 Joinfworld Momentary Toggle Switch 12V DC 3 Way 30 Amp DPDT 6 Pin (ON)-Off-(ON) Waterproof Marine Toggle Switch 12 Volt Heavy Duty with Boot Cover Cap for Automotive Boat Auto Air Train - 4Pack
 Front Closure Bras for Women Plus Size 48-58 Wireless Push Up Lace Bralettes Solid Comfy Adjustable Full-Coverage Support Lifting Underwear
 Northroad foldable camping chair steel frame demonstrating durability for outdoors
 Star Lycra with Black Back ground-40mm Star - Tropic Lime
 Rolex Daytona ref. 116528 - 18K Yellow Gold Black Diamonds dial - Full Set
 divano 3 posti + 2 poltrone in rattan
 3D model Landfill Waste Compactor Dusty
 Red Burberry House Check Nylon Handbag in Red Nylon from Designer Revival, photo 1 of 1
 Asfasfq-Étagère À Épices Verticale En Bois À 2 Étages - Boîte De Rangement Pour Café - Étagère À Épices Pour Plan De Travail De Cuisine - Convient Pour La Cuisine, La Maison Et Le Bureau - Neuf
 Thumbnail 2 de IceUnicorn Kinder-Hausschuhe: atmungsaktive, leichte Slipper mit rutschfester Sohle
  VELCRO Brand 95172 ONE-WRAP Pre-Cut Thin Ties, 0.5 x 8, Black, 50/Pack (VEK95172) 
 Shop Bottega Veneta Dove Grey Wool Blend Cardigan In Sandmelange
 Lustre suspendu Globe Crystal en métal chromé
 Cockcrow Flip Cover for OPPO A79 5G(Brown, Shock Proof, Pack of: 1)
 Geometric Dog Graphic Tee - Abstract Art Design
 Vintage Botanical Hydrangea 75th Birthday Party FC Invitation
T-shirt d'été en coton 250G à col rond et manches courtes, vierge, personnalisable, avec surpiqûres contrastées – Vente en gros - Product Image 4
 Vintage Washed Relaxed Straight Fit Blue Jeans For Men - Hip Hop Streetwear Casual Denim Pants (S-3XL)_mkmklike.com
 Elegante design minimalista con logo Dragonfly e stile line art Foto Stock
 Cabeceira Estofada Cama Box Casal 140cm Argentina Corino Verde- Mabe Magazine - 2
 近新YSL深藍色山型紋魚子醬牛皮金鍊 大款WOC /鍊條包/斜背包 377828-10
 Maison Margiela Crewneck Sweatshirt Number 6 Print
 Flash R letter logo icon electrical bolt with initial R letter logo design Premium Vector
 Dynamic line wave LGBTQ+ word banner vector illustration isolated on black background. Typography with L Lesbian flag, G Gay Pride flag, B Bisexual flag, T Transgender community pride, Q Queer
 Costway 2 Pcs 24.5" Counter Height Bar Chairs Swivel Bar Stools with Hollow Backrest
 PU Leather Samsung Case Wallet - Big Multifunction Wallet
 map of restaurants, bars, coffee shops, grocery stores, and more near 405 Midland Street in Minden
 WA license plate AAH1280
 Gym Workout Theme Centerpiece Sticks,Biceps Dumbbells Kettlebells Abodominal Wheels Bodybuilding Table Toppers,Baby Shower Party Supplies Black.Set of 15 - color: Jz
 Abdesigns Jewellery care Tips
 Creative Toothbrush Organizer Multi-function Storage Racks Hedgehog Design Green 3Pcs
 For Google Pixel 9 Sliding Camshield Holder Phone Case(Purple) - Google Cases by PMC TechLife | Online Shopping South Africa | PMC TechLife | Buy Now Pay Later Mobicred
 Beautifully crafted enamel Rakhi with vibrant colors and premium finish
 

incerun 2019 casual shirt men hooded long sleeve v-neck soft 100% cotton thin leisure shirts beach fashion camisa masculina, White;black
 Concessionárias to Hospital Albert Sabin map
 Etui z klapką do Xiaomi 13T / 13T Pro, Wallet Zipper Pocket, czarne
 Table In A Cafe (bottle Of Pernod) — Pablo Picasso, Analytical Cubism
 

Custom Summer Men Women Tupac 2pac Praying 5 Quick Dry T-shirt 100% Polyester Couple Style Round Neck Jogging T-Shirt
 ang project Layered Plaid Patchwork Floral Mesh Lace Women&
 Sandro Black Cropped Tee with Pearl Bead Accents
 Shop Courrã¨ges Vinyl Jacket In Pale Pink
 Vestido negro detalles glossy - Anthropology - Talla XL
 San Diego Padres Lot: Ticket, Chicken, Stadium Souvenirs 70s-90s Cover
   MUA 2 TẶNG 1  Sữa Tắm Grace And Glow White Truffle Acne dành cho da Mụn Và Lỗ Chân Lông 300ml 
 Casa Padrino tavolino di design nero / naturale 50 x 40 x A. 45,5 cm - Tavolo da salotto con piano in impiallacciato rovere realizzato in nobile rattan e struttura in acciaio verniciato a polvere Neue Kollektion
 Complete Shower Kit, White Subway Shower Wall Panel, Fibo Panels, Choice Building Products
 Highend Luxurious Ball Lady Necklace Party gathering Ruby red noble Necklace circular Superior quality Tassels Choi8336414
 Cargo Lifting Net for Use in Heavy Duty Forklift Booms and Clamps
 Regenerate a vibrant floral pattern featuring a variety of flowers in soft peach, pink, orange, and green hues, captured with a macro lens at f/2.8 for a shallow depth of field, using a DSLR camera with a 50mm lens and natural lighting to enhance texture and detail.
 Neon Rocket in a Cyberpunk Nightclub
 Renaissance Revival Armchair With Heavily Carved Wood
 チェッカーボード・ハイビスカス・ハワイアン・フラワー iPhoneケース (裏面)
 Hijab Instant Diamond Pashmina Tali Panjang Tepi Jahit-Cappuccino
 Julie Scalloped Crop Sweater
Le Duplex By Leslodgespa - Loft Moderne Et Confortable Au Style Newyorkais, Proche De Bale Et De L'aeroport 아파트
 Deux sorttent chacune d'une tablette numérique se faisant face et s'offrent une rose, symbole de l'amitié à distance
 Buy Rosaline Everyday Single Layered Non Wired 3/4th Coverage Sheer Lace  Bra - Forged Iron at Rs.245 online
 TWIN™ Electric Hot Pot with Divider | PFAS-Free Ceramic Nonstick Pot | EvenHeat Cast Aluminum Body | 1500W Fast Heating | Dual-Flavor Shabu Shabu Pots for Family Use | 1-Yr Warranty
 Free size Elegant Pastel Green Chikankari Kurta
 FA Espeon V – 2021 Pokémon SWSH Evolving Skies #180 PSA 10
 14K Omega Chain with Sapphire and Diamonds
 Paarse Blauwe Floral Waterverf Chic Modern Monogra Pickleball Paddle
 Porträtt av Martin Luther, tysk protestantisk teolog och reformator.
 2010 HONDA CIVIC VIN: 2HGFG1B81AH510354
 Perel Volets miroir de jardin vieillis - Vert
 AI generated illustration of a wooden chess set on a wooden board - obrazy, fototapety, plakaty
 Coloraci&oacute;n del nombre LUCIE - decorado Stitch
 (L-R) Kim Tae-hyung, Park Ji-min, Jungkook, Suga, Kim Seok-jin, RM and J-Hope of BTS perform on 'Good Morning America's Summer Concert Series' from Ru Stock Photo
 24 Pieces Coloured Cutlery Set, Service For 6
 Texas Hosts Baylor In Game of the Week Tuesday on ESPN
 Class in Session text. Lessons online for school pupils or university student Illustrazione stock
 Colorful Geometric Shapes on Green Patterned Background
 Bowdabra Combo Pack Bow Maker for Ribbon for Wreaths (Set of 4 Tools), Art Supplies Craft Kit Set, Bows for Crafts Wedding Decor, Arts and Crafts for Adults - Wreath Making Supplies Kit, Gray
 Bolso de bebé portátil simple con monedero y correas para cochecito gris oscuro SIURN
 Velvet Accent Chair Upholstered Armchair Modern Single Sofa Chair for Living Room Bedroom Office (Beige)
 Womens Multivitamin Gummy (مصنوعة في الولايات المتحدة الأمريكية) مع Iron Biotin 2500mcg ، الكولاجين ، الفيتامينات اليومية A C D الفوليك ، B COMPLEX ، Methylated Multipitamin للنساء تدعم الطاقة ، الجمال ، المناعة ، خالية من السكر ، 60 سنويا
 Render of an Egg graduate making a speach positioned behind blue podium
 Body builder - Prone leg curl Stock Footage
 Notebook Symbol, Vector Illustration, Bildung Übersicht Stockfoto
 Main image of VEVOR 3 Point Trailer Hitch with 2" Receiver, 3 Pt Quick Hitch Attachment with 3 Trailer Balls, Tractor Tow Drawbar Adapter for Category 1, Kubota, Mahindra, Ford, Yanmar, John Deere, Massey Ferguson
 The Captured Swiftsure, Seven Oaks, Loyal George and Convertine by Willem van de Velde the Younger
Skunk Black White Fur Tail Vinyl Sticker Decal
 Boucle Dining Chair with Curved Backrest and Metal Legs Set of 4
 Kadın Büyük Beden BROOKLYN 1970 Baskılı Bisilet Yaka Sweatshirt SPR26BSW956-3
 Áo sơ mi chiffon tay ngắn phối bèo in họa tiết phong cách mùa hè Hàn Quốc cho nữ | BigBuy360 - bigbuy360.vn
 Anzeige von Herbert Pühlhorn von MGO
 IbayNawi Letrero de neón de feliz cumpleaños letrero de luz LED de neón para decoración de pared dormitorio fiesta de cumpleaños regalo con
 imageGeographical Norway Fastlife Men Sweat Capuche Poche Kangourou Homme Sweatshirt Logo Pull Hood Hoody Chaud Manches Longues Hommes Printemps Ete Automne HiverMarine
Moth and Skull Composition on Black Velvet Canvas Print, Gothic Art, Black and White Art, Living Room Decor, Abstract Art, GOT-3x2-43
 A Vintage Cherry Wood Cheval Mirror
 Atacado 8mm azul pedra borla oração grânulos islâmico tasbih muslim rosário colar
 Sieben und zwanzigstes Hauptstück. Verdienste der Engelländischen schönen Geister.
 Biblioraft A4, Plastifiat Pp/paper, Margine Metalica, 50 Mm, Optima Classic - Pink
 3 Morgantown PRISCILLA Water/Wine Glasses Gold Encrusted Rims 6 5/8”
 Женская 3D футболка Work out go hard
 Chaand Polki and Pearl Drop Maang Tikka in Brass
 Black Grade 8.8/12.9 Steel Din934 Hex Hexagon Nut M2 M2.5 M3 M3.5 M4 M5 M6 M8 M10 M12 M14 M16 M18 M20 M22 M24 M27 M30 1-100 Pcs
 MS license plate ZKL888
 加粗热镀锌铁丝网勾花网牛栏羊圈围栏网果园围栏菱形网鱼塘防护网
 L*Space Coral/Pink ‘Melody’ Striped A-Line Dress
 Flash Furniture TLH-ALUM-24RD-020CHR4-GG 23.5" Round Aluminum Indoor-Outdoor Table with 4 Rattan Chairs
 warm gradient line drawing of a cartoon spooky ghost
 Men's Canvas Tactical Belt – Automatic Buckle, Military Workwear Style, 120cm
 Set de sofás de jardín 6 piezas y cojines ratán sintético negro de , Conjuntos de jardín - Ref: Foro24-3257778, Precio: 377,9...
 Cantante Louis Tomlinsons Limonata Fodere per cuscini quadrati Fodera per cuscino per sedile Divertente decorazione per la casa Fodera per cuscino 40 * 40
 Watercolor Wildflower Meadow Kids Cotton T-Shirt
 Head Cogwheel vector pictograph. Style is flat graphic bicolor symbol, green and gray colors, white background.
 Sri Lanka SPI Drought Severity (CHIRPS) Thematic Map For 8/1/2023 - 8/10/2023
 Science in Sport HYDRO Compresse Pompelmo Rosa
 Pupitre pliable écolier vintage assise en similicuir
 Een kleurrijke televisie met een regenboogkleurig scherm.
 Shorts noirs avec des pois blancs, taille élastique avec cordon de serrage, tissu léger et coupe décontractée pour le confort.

● **Activity**
Search the listing above for the lines with "Star Lycra with" and "Red Burberry House", then output those lines and all lines between them exactly.

● **Exercise answer**
 Star Lycra with Black Back ground-40mm Star - Tropic Lime
 Rolex Daytona ref. 116528 - 18K Yellow Gold Black Diamonds dial - Full Set
 divano 3 posti + 2 poltrone in rattan
 3D model Landfill Waste Compactor Dusty
 Red Burberry House Check Nylon Handbag in Red Nylon from Designer Revival, photo 1 of 1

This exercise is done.